=== Task brief ===
Every line from the opening of the records to the line with "فندق كارم مكة" should be restated exactly, with both ends included and the pictures left out.

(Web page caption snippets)
Start of Block

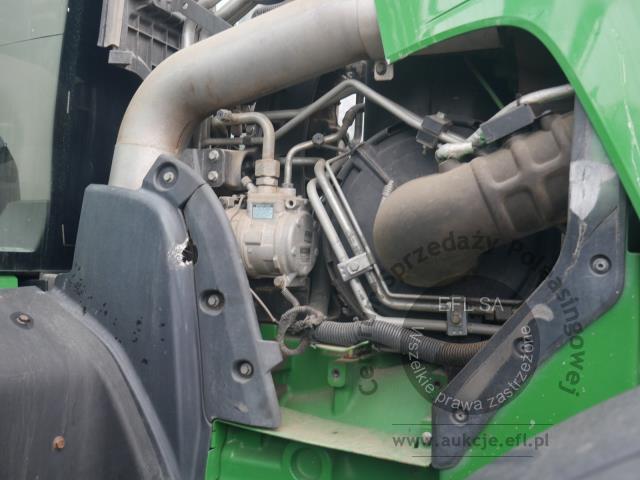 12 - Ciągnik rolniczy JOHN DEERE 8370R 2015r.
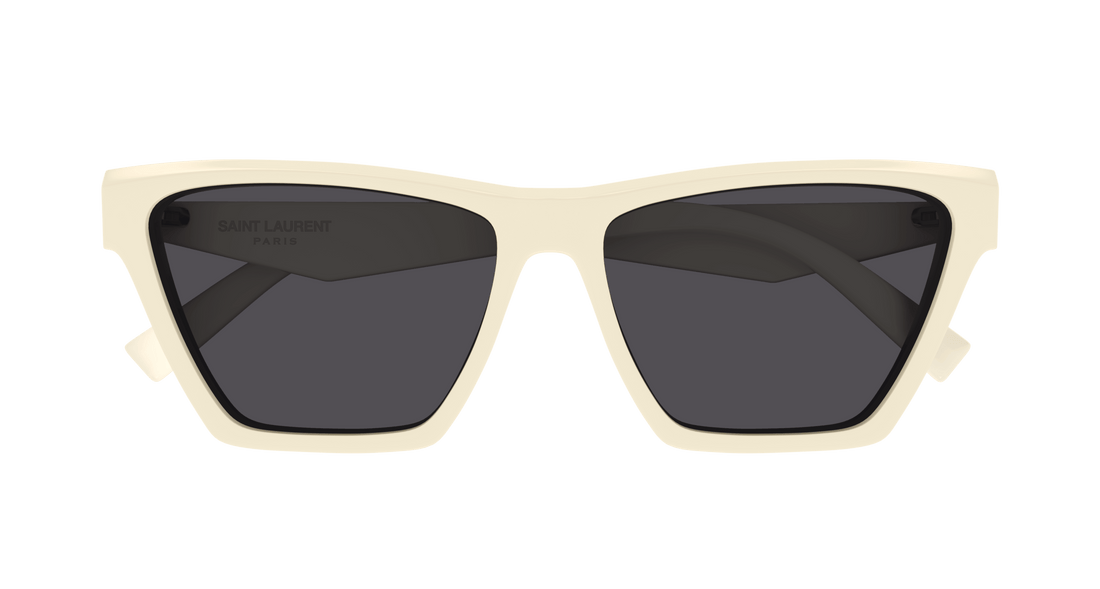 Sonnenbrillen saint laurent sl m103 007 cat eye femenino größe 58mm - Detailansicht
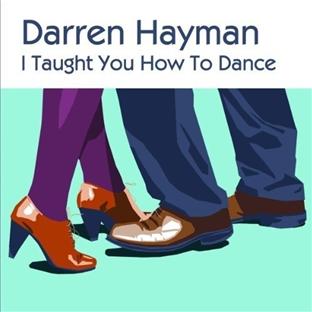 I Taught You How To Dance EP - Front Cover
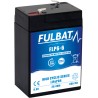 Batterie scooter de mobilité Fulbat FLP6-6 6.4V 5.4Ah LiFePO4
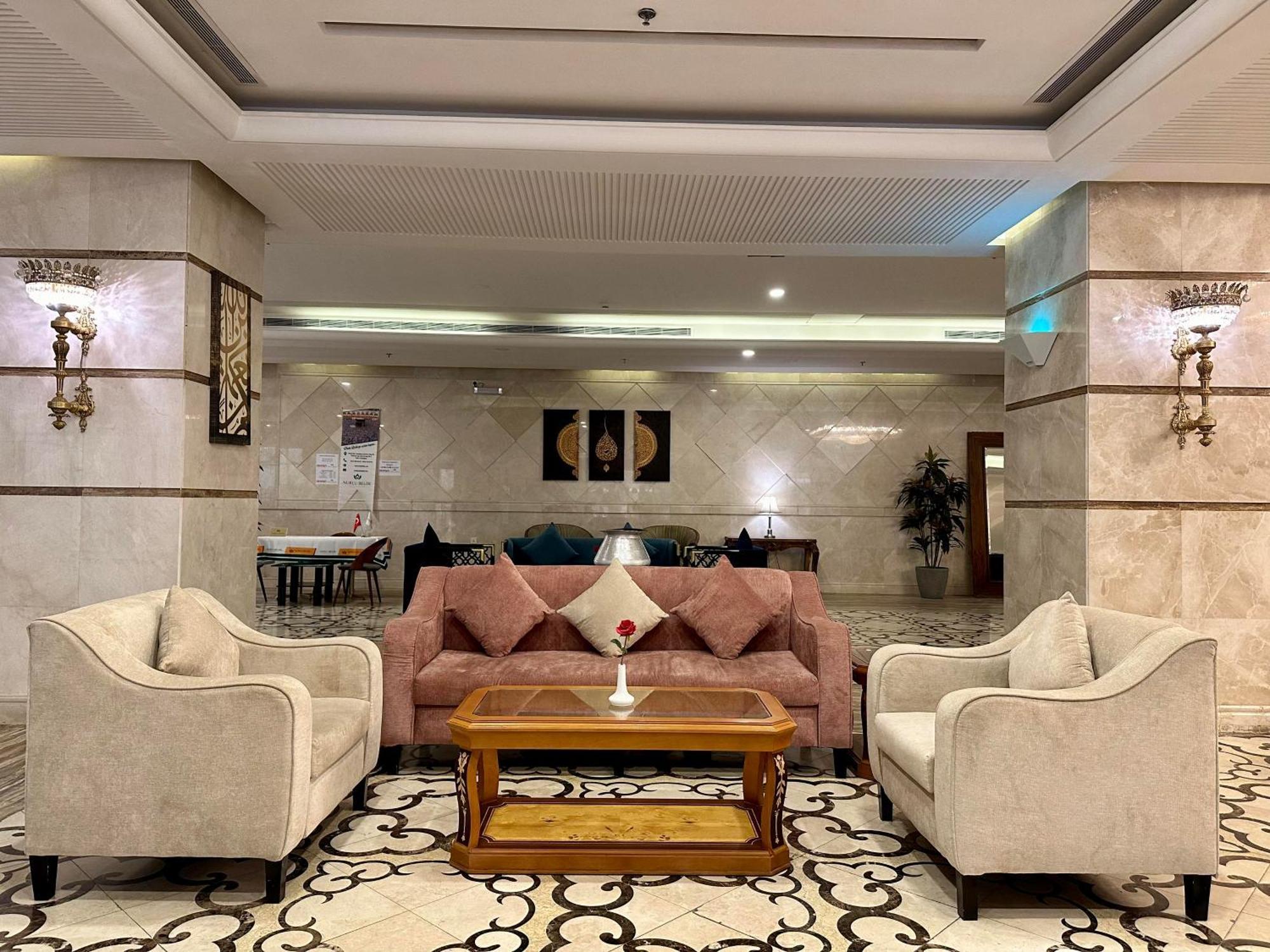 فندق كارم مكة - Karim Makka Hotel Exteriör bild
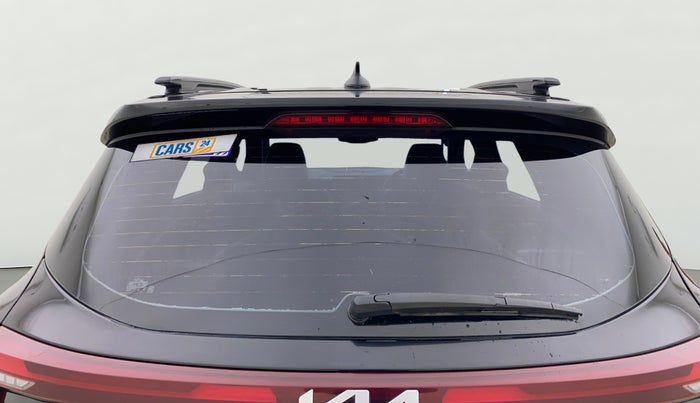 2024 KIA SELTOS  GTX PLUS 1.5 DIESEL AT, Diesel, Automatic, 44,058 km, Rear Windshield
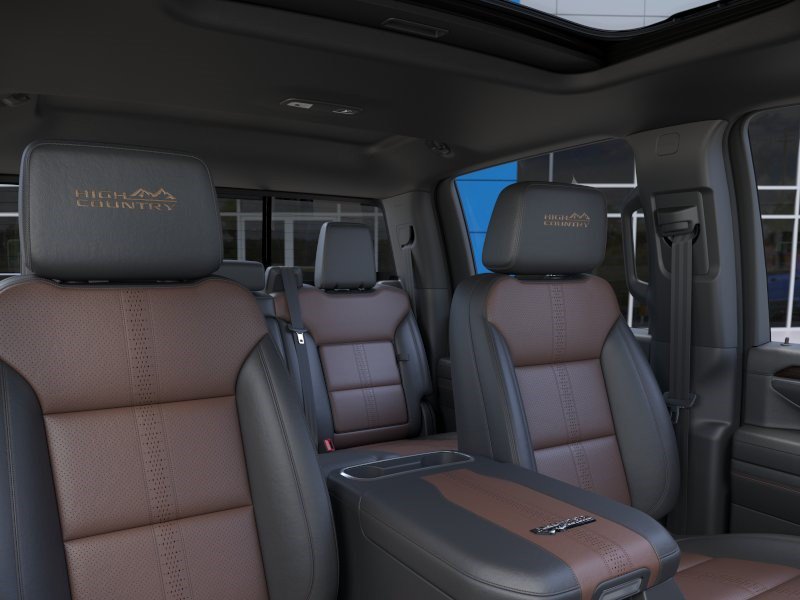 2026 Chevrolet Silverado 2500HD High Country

End of Block

=== Result of this exercise ===
 12 - Ciągnik rolniczy JOHN DEERE 8370R 2015r.
 Sonnenbrillen saint laurent sl m103 007 cat eye femenino größe 58mm - Detailansicht
 I Taught You How To Dance EP - Front Cover
 Batterie scooter de mobilité Fulbat FLP6-6 6.4V 5.4Ah LiFePO4
 فندق كارم مكة - Karim Makka Hotel Exteriör bild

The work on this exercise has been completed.